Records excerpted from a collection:
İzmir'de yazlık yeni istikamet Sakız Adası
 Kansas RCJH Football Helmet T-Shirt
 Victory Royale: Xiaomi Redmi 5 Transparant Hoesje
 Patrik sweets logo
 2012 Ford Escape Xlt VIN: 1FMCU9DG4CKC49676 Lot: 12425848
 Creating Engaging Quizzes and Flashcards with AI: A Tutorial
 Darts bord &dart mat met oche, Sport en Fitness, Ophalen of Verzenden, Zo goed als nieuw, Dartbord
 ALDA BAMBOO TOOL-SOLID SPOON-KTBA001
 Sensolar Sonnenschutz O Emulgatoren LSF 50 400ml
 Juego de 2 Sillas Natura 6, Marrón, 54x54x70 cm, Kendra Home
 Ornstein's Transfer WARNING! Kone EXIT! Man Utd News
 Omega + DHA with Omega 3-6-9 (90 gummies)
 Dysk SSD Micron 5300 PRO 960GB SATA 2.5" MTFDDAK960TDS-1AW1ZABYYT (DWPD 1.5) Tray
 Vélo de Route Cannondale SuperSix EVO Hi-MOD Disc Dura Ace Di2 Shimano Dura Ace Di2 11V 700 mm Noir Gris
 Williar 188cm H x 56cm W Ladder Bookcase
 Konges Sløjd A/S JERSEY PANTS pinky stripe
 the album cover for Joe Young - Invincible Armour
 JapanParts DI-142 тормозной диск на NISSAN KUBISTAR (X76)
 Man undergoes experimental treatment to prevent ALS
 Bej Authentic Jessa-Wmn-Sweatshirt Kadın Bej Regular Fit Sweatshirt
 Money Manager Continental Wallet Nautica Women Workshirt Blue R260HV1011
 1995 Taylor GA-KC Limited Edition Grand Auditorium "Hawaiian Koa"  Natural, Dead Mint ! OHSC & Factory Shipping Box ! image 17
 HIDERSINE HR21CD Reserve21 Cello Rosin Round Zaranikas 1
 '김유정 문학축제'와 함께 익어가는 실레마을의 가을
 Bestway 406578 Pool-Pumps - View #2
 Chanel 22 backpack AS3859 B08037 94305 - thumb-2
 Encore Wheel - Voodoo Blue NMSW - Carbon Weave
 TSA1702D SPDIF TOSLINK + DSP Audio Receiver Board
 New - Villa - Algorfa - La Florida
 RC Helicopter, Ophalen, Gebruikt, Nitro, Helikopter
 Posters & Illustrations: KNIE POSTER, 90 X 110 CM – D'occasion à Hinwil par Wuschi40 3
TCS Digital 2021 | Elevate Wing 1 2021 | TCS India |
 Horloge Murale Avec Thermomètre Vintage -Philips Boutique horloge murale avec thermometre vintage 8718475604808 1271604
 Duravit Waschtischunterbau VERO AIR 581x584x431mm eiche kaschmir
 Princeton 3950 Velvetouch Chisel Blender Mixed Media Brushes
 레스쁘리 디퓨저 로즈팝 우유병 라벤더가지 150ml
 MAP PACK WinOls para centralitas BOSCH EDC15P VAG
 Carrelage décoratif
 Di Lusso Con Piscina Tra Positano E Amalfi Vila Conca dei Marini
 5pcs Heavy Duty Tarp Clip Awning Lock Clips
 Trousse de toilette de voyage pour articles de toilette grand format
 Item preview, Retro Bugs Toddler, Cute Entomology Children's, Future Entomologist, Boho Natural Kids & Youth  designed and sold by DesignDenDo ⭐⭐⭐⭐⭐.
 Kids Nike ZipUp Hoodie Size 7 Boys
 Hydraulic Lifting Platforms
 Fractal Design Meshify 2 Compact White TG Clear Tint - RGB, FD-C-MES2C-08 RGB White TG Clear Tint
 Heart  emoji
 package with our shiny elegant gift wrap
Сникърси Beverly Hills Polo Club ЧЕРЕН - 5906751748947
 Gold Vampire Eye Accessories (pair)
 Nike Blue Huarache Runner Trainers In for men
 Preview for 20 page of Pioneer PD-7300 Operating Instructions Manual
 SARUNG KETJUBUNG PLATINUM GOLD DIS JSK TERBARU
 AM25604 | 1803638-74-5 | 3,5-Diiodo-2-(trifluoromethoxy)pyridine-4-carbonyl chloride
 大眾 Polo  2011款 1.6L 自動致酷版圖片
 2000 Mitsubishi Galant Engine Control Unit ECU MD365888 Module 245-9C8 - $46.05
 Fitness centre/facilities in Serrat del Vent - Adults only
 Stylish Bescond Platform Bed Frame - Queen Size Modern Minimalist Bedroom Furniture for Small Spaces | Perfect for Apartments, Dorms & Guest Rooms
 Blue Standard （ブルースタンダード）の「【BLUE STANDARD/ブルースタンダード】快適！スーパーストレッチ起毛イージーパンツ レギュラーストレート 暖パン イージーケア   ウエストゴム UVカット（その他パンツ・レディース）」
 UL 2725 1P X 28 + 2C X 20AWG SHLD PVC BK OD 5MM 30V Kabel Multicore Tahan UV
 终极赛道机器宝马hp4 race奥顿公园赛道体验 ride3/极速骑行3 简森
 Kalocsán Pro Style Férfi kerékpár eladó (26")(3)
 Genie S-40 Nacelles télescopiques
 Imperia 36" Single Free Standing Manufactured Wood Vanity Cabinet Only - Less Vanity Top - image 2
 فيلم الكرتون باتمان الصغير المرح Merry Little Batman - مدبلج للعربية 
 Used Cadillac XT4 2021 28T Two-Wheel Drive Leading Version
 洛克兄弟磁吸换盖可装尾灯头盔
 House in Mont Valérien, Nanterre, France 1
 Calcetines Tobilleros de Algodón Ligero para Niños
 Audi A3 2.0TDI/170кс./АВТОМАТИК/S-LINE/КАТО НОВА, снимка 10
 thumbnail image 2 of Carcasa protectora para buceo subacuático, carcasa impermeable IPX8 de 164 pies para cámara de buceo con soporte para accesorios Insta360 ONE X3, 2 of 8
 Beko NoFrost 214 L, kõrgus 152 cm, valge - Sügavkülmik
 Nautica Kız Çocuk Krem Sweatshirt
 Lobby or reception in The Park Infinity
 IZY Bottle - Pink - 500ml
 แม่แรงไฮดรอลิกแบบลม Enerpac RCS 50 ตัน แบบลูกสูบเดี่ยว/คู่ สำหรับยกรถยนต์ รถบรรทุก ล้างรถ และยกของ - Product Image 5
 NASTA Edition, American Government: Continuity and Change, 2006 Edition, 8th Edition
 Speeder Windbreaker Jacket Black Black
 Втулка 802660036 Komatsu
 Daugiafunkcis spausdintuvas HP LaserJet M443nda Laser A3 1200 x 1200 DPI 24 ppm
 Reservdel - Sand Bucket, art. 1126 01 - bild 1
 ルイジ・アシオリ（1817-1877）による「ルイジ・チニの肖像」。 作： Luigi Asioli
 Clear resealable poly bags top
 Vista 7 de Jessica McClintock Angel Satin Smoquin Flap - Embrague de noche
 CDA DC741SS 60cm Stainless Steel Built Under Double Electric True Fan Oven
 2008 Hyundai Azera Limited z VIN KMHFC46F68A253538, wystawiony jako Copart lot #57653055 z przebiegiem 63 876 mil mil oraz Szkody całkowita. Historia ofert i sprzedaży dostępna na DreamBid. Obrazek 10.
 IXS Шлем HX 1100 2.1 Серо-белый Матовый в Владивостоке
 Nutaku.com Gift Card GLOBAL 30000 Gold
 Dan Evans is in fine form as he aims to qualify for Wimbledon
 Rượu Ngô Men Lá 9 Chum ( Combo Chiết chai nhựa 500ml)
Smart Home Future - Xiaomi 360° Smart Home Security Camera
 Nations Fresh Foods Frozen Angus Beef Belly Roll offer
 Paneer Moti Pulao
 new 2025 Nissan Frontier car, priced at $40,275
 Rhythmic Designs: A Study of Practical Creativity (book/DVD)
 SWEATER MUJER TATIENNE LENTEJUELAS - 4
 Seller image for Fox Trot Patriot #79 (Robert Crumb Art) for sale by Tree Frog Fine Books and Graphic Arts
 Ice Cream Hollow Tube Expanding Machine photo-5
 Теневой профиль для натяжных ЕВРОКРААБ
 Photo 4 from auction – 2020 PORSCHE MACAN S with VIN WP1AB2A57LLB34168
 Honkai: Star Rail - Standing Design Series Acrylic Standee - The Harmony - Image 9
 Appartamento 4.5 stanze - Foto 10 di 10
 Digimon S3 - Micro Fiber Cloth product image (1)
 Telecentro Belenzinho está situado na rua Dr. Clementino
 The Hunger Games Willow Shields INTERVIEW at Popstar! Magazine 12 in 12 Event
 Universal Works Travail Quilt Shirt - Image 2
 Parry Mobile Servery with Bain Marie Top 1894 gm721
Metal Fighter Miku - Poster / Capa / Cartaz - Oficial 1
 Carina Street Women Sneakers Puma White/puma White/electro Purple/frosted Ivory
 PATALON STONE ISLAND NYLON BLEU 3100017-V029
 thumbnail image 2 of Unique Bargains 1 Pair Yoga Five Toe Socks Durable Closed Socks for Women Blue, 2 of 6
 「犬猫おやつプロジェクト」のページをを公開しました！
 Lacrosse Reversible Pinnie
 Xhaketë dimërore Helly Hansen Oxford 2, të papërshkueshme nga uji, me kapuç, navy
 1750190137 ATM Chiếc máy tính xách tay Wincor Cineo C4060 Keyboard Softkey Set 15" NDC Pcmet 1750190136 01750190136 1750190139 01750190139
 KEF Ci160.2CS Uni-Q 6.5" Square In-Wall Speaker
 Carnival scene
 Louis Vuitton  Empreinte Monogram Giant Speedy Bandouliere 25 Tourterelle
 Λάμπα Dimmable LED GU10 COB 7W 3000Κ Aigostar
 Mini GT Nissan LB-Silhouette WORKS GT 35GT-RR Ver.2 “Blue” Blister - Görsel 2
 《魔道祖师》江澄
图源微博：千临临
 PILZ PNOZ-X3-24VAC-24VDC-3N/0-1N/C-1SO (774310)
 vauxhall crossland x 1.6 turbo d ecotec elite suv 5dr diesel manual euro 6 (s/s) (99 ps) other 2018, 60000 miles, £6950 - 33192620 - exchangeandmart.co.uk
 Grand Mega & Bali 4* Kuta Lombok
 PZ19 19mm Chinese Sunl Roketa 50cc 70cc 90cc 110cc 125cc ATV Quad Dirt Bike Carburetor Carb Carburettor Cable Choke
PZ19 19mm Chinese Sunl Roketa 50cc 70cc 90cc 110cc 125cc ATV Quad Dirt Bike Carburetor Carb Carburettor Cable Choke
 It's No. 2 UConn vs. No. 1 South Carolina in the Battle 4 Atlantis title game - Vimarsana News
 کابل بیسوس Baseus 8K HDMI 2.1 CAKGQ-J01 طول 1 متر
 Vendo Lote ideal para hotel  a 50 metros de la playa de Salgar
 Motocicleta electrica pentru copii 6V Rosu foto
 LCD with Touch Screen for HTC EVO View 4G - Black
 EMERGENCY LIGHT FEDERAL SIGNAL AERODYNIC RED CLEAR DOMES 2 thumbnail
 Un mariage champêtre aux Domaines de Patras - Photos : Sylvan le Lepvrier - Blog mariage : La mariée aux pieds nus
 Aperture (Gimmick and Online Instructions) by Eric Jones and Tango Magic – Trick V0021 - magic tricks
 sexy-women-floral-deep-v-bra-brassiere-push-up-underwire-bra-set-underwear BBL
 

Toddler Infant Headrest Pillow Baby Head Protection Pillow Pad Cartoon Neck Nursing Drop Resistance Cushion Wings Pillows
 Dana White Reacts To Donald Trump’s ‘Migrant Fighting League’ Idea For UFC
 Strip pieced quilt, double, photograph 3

**Exercise instructions**
Copy out every line in the entries above that holds "Home".

**Exercise response**
 Juego de 2 Sillas Natura 6, Marrón, 54x54x70 cm, Kendra Home
Smart Home Future - Xiaomi 360° Smart Home Security Camera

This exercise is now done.